Often when we hear the phrases “eat your greens” or “eating healthy” we do not make the connection with creating a “greener” planet or a healthy climate. Yet, in Diet for a Hot Planet, Anna Lappe makes it clear that our food is inextricably linked with climate change. So often in hearing and learning about the climate crisis on our doorstep (although perhaps now the metaphor should be in our kitchen) I am left with a poignant feeling of despair. I get the sense that the forces perpetuating climate change are too great, and the opposition too meager. However, this book illuminated the incredible potential of sustainable agriculture locked within an otherwise bleak portrait of the future. According to her the current food system is responsible for roughly one third of all greenhouse gas emissions worldwide. It is to blame for most of the nitrous oxide and methane emissions (two of the most damaging greenhouse gasses). Yet, through changing the way we farm, eat, and dispose of our food, agriculture could sequester roughly forty percent of all current emissions. Rarely, if ever, have I discovered such an obvious change that could make a significant impact on our future.
Personally, these are some of the most hopeful facts I have heard. Not only that, but it is a solution that I, and others within the Dickinson community, are already taking part in directly at the College Farm. Though the farm I have attended the Pennsylvania Association for Sustainable Agriculture conference where I saw the backstage of a movement that has been growing throughout America and abroad. It has been popping up in the form of local farmers markets, cooking in popular restaurants, and taking seed in the grocery aisles now dedicated to “organics.” There are websites devoted to grassroots fundraising for “green” farms, and organizations created to cultivate a herd of young farmers. Just in the past year at Dickinson I have had a direct relationship with sustainable farming, learning its possibilities, successes and promise.

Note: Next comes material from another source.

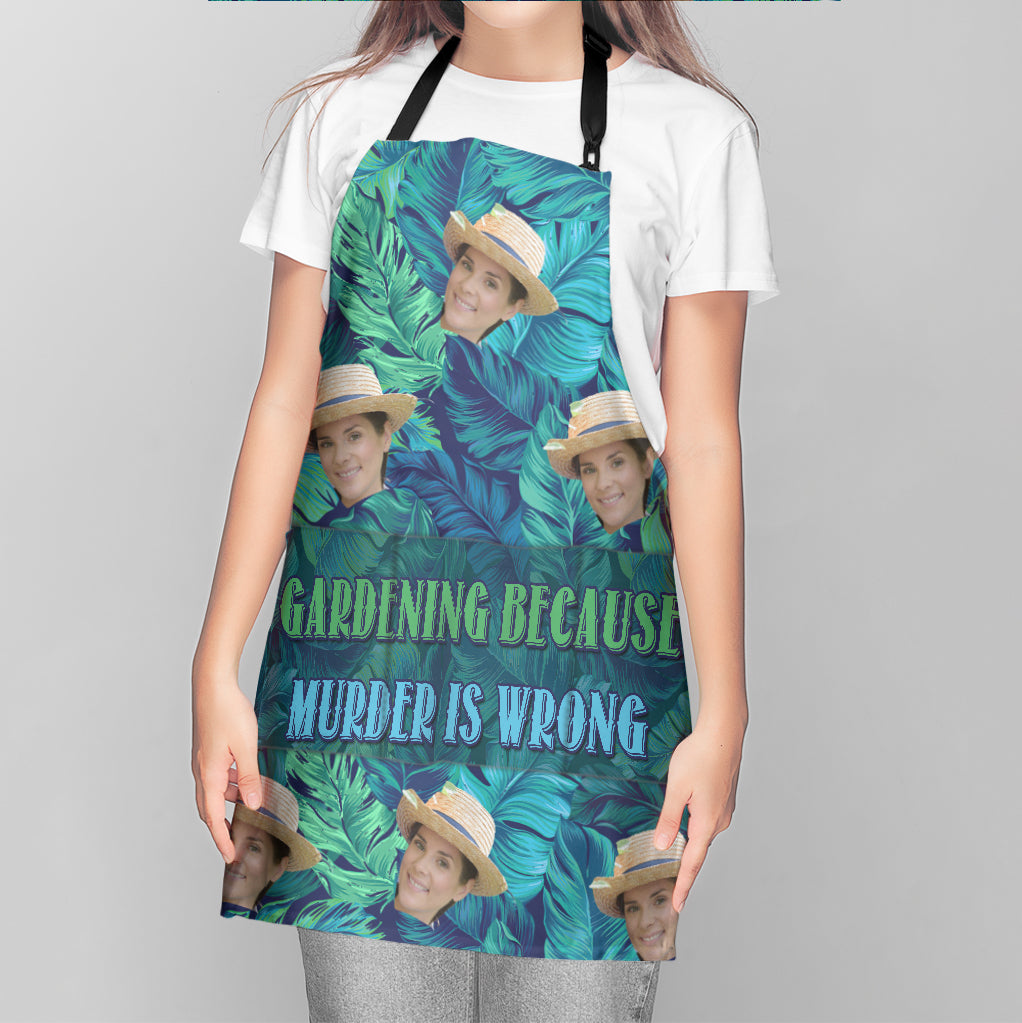 Et au jardin ! - Cadeau de jardinage pour maman, papa, grand-mère, lui, elle, épouse, mari, petite amie, petit ami - Tablier personnalisé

Personally, what is most exciting about sustainable agriculture are it’s many intersections with so many other crucial issues in our society, offering solutions to them as well. What we eat and where it comes from crosses the field to impact many of the systemic health problems and issues of social justice we as a society face. Industrial agriculture relies on petroleum-based, toxic chemicals, synthetic fertilizers and is generally heavily processed (think corn syrup). Two of the leading causes of death in America, heart disease and diabetes, are directly correlated with eating poorly. The process of industrial agriculture also requires farm workers. These workers are habitually some of the most marginalized Americans, often immigrants, at incredibly high risk for cancers and other serious health threats because of the toxins they encounter daily.

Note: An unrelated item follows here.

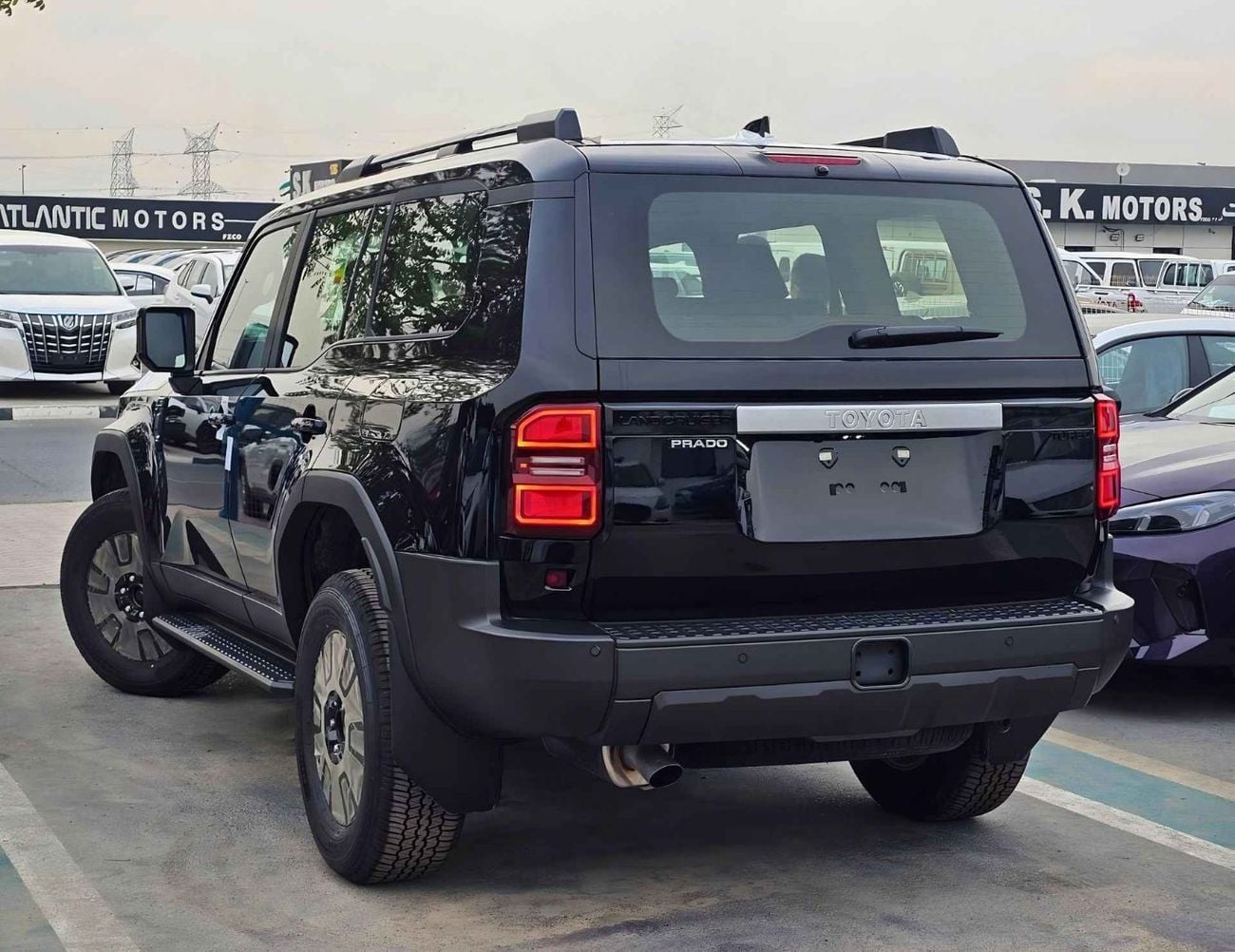 تويوتا برادو ALL RONDER TURBO 2.4L PETROL 2.4L PETROL V4 | DUAL TANK | SUNROOF | DVD+CAMERA | COOL BOX (CODE#PPARS)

Sustainability is not always accessible to Americans, but we have to eat food everyday. For many people it is hard to see the benefits of turning off the lights, taking shorter showers or riding public transportation but our relationship with food is crucial on a primal level, it literally comprises what we are. Sustainable agriculture is one of several key solutions necessary to slow and prevent climate change and it is one we can feel good about doing.